* _What is expected_
Your task is to restate the listing word for word without the pictures.

╭─ Data

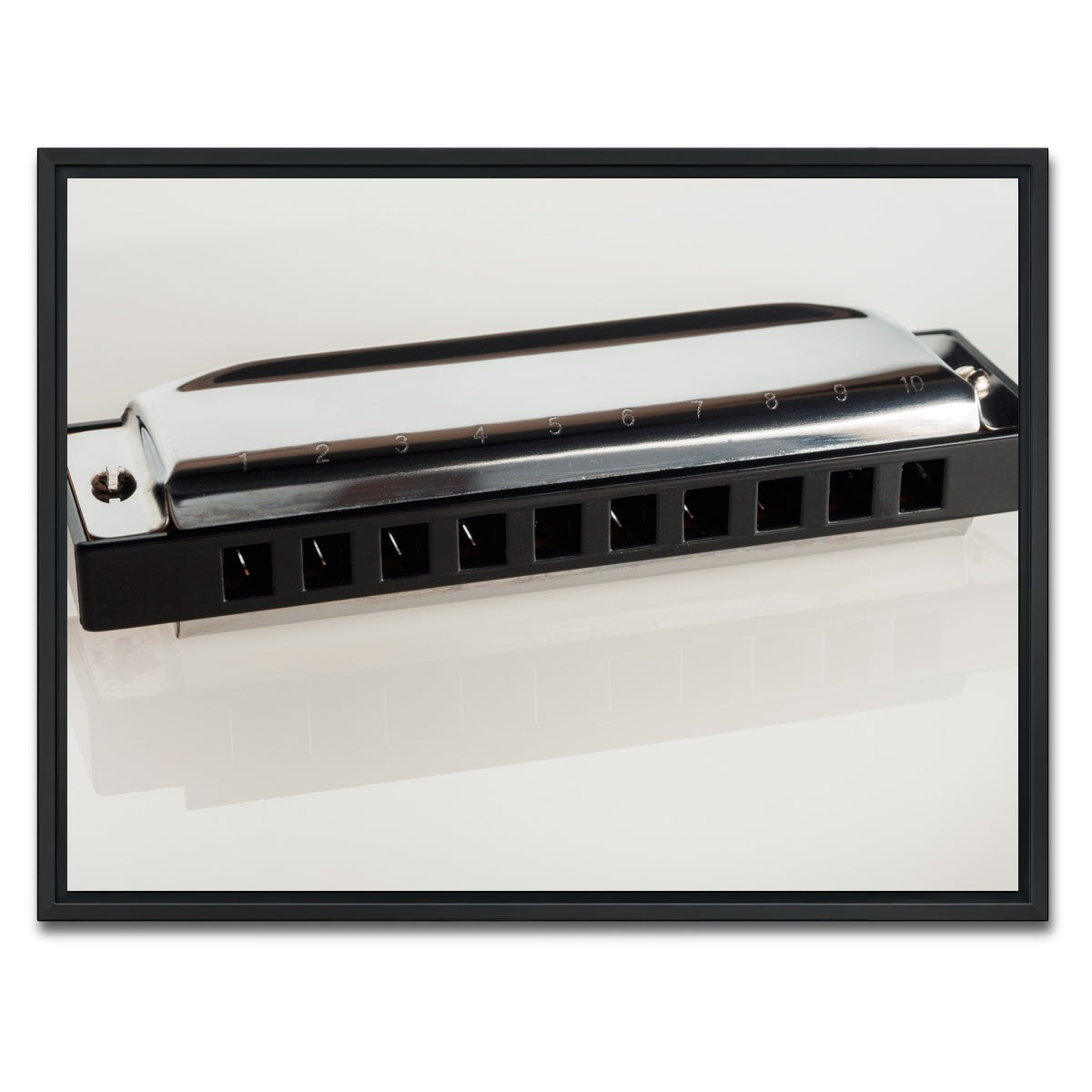 AUTO-MOCKUP WHITE | Harmonica | 1 Piece | Black Framed Canvas | group=4x3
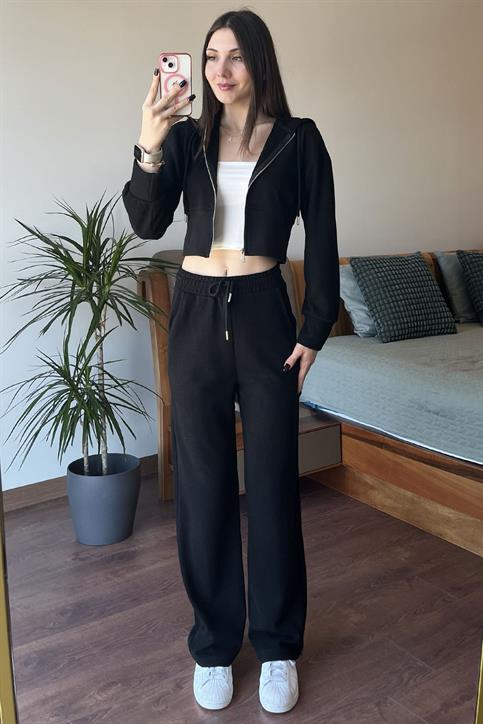 Siyah Kapüşon Detaylı Crop Ceketli Takım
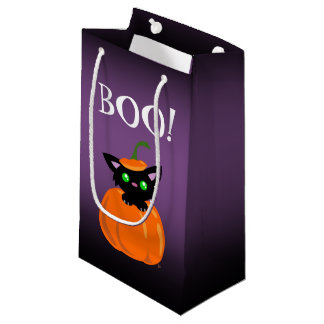 Pequeña ¡BOO! Un gato lindo en una bolsa de regalo de cala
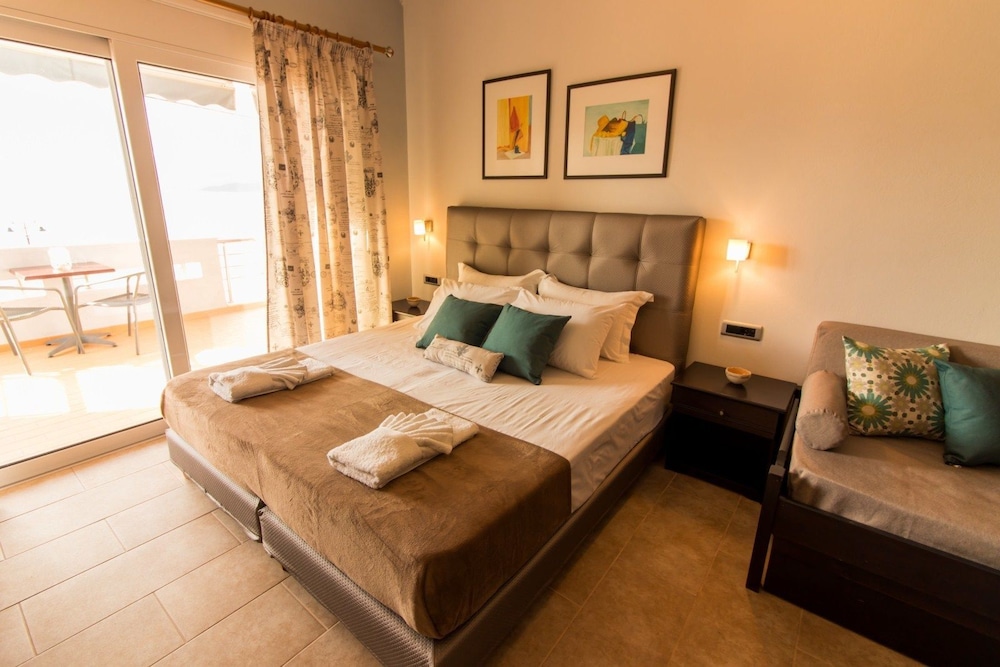 Comfort Apartment, 1 Bedroom, Beach View, Beachfront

╰─

* _Finished exercise_
 AUTO-MOCKUP WHITE | Harmonica | 1 Piece | Black Framed Canvas | group=4x3
 Siyah Kapüşon Detaylı Crop Ceketli Takım
 Pequeña ¡BOO! Un gato lindo en una bolsa de regalo de cala
 Comfort Apartment, 1 Bedroom, Beach View, Beachfront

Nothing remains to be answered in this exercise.